Justin Spencer: Modern Binary Exploitation

Modern Binary Exploitation

Binary: An executable such as an EXE, ELF, MachO or other code containers that run on a machine.
Malware: A malicious binary meant to persist on a machine such as a rootkit or remote access tool (RAT).
Vulnerability: A bug in a binary that can be leveraged by an exploit.
Exploit: Specially crafted data that utilizes vulnerabilities to force the binary into doing something unintended.
0-Day: A previously unknown or unpatched vulnerability that can be used by an exploit.
If your program simply segfaulted, consider yourself lucky.
The right bugs (vulnerabilities) found in binaries can be used by exploits to hijack code execution.
Compared to modern languages, C is considered a 'low level' language.
It's easy to make grievous errors in C.
All assembly languages are made up of instruction sets.
Instructions are generally simple arithmetic operations that take registers or constant values as arguments.
ESP - stack pointer, "top" of the current stack frame.
EBP - base pointer, "bottom" of the current stack frame.
EIP - instruction pointer, pointer to the next instruction to be executed by the CPU.
Cyber security is one of the fastest growing field in computer science, though its study is rarely covered in academia due to its rapid pace of development and its technical specificity.
Memory corruption is typically at the heart of binary exploitation.
The vast majority if system-level exploits (real-world and competition) involve memory corruption.
Shellcode: A set of instructions that are injeted by the user and executed by the exploited binary. Generally the "payload" of an exploit.
Using shellcode you can essentially make a program execute code that never existed in the original binary. You're basically injecting code.
Shellcode is generally hand coded in assembly, but its functionality can be represented in C.
When shellcode is read as a string, null bytes become an issue with common string functions.
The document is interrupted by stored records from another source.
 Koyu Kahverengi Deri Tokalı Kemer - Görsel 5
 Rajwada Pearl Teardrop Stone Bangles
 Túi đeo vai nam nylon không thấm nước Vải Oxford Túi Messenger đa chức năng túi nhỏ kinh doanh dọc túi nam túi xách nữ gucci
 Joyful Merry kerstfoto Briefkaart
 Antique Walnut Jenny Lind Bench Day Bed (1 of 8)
So, make your shellcode NULL free!
xor-ing anything with itself clears itself.
There's always more than one way to do things.
System calls are how userland programs talk to the kernel to do anything interesting.
libc functions are high level syscall wrappers.
Like programs, your shellcode needs syscalls to do anything of interest.
Syscalls can be made in x86 using interrupt 0x80: int 0x80
Remember 'nop' (\x90) is an instruction that does nothing.
If you don't know the exact address of your shellcode in memory, pad your exploit with nop instructions to make it more reliable.
Sometimes a program accepts only ASCII characters...so you need alphanumeric shellcode!
Format string based vulnerabilities are less common nowadays, but they are an important bug class that can be tricky to exploit.
A format string is a string with conversion specifiers.
"%n" takes a pointer as an argument, and writes the number of bytes written so far.
Data Execution Prevention (DEP) is one of the pillars of modern exploit mitigation technologies. Understanding how DEP works and how it can be bypassed is important in exploiting real world targets.
DEP can be bypassed through Return Oriented Programming (ROP).
Data Execution Prevention -- An exploit mitigation technique used to ensure that only code segments are ever marked as executable. Meant to mitigate code injection/shellcode payloads.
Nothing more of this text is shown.